**EXERCISE PROMPT:** Lines below starting with the line with "Castizos, bomberos y" and going on through the line with "Vintage Shadowline Robe" must be output exactly; the rest of the records must be left out.

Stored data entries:
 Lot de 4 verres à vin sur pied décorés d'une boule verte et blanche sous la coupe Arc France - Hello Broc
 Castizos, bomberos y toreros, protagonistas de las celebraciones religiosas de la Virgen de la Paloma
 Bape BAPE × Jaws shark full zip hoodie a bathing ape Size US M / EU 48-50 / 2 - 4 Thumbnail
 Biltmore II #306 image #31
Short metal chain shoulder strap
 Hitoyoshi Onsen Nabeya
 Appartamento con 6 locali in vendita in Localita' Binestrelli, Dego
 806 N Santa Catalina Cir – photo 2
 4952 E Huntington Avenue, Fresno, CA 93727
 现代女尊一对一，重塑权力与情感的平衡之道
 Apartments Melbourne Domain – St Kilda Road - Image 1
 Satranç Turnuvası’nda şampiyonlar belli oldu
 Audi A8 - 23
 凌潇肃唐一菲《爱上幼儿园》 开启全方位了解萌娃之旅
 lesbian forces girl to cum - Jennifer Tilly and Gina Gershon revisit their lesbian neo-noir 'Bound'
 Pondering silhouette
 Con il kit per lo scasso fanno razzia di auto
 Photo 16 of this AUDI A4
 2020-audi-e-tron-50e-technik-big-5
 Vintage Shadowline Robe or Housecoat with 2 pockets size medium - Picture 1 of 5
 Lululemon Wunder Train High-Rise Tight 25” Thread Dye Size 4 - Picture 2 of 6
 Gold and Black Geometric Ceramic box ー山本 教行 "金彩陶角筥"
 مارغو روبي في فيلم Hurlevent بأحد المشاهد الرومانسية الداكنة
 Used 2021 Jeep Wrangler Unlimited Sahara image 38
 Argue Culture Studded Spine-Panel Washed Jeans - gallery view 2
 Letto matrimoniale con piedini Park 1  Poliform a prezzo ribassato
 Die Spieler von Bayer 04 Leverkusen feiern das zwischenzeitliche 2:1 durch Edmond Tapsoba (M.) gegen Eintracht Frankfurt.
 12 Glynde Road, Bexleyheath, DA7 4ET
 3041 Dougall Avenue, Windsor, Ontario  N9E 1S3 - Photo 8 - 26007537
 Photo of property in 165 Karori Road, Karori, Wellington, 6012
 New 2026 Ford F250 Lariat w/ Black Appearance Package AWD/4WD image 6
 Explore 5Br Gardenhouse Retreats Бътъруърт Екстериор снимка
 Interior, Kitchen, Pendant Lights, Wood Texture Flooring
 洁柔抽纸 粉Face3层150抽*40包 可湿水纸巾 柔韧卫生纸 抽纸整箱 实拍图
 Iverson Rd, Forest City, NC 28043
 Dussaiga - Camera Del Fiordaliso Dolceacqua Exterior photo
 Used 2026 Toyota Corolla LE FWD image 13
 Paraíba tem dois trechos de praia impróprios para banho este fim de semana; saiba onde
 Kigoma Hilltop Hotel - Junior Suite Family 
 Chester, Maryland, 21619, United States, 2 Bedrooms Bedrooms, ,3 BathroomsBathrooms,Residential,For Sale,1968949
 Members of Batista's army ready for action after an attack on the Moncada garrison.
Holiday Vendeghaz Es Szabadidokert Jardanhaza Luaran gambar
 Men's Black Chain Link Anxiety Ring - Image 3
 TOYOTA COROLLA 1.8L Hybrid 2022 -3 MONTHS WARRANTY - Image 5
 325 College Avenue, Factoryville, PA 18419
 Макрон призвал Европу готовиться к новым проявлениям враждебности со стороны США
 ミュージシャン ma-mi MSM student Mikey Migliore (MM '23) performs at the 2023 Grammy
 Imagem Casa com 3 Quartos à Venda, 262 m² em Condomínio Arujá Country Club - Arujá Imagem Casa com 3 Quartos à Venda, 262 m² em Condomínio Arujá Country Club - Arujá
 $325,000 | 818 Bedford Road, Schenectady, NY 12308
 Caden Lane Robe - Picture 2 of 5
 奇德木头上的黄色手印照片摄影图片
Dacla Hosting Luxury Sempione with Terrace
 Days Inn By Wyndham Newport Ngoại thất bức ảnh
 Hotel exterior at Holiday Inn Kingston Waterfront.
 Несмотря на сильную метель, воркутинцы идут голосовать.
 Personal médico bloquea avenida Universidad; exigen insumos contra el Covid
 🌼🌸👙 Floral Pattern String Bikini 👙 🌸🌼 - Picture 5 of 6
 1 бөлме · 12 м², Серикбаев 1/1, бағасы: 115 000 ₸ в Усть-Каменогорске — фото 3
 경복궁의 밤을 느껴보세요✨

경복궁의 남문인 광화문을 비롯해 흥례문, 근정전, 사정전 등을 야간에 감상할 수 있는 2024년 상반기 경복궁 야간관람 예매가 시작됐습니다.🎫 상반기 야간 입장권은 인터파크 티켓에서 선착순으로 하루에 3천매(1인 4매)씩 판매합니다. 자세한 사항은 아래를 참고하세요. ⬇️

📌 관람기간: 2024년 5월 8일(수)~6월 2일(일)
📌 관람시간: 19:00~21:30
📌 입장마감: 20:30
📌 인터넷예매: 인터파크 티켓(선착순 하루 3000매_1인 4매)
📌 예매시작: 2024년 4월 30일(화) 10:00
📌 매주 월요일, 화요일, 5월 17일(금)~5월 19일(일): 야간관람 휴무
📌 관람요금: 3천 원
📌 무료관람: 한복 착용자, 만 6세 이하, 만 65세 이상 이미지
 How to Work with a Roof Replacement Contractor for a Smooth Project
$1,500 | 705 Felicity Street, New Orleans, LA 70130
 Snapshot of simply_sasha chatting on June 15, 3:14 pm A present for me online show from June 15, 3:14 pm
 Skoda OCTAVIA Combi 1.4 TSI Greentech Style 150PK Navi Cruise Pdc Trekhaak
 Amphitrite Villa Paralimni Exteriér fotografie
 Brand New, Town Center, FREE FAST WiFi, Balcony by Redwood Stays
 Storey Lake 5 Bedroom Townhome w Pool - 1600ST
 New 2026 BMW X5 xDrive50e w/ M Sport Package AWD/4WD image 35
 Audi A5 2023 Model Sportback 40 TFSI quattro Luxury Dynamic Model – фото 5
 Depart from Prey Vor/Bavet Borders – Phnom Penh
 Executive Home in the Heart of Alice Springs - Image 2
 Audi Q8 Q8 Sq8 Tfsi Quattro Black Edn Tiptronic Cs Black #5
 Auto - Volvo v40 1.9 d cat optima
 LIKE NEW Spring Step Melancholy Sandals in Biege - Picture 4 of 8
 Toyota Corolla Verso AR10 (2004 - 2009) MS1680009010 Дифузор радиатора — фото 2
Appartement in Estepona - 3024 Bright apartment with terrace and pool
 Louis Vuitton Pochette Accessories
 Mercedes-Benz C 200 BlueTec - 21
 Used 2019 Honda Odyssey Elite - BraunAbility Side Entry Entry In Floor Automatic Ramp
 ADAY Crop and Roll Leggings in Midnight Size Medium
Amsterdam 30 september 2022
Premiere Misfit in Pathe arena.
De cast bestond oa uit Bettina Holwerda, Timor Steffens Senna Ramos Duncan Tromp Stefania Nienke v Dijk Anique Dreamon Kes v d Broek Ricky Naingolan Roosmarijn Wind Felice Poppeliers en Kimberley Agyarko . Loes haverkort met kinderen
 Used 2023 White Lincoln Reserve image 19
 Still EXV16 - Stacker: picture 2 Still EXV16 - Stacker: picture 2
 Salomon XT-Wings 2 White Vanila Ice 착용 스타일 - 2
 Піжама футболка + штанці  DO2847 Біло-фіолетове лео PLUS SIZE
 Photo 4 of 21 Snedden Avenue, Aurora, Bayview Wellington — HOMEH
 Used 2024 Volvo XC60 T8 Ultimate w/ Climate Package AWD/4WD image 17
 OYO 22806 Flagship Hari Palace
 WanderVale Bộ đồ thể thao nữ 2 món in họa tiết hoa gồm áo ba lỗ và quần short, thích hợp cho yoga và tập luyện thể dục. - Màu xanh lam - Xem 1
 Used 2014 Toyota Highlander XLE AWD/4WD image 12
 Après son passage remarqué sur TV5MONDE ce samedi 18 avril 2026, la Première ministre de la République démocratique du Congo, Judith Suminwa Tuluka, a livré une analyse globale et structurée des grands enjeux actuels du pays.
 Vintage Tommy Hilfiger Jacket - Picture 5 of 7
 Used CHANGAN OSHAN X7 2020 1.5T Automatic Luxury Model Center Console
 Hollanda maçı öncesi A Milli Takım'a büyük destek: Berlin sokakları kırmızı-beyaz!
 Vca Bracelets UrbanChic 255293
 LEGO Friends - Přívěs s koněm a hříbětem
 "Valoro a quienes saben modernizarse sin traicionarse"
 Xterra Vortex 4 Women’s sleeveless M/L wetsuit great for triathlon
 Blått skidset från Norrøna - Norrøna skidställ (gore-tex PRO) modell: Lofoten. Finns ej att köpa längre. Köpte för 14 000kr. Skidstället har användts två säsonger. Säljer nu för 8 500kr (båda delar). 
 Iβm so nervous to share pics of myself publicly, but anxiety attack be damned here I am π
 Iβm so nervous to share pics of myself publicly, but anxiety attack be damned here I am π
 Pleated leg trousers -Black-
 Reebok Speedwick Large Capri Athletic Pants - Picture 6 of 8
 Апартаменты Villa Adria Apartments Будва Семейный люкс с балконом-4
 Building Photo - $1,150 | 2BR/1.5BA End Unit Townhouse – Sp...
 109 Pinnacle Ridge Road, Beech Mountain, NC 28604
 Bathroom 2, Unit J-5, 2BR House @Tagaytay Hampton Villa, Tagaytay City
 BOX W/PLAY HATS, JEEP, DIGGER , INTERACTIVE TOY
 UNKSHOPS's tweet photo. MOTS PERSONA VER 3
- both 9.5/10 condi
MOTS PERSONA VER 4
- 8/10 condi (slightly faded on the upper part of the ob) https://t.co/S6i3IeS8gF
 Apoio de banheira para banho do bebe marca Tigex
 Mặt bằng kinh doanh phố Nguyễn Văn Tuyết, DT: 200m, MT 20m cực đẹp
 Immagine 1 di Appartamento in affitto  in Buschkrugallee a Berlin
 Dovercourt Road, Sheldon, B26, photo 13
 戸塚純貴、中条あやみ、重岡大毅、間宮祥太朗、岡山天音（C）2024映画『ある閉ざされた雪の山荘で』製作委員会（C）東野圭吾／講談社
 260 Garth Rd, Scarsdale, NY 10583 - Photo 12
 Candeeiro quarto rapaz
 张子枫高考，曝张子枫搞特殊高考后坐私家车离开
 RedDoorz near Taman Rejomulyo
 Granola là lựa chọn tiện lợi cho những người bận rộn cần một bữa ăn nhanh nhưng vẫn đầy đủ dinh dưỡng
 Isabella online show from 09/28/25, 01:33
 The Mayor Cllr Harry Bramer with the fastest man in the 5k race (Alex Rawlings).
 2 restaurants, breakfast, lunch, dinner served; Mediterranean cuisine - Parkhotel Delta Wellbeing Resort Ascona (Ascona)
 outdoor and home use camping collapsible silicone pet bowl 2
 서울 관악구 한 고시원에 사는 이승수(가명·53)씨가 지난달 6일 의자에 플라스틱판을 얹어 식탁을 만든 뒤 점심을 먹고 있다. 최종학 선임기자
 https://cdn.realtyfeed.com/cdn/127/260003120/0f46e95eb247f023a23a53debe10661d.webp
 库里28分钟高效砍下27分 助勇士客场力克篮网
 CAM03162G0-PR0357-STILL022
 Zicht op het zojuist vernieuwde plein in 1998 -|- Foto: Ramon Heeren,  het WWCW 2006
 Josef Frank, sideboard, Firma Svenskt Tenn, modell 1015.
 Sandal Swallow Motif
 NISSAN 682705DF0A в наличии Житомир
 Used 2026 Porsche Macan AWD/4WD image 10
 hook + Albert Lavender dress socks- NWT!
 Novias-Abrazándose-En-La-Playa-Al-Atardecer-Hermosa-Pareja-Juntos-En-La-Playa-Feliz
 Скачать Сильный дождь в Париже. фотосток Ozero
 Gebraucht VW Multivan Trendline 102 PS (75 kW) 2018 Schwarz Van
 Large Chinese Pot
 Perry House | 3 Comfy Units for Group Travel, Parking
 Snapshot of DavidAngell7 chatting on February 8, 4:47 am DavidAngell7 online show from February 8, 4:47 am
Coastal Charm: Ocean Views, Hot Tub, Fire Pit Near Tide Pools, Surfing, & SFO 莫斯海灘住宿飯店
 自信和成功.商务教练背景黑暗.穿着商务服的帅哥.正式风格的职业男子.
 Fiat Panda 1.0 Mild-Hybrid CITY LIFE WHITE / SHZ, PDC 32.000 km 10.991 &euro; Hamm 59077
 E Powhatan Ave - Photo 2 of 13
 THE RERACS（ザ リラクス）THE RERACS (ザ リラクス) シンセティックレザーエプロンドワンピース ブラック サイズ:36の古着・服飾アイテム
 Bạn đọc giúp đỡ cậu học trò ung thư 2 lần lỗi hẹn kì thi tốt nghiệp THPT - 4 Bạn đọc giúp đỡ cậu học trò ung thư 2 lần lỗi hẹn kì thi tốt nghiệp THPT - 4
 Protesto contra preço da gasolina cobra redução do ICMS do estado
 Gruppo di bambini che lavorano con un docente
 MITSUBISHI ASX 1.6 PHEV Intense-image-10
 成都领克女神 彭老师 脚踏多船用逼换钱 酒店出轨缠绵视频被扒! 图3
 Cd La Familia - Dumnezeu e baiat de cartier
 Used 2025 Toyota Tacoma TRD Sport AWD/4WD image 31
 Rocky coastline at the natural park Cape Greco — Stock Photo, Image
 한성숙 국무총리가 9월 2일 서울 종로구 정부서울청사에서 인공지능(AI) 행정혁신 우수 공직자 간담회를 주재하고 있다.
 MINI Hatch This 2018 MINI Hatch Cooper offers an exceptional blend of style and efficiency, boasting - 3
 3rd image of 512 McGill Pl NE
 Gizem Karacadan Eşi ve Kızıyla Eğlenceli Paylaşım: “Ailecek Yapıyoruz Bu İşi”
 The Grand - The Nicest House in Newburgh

**SOLVED PROBLEM:**
 Castizos, bomberos y toreros, protagonistas de las celebraciones religiosas de la Virgen de la Paloma
 Bape BAPE × Jaws shark full zip hoodie a bathing ape Size US M / EU 48-50 / 2 - 4 Thumbnail
 Biltmore II #306 image #31
Short metal chain shoulder strap
 Hitoyoshi Onsen Nabeya
 Appartamento con 6 locali in vendita in Localita' Binestrelli, Dego
 806 N Santa Catalina Cir – photo 2
 4952 E Huntington Avenue, Fresno, CA 93727
 现代女尊一对一，重塑权力与情感的平衡之道
 Apartments Melbourne Domain – St Kilda Road - Image 1
 Satranç Turnuvası’nda şampiyonlar belli oldu
 Audi A8 - 23
 凌潇肃唐一菲《爱上幼儿园》 开启全方位了解萌娃之旅
 lesbian forces girl to cum - Jennifer Tilly and Gina Gershon revisit their lesbian neo-noir 'Bound'
 Pondering silhouette
 Con il kit per lo scasso fanno razzia di auto
 Photo 16 of this AUDI A4
 2020-audi-e-tron-50e-technik-big-5
 Vintage Shadowline Robe or Housecoat with 2 pockets size medium - Picture 1 of 5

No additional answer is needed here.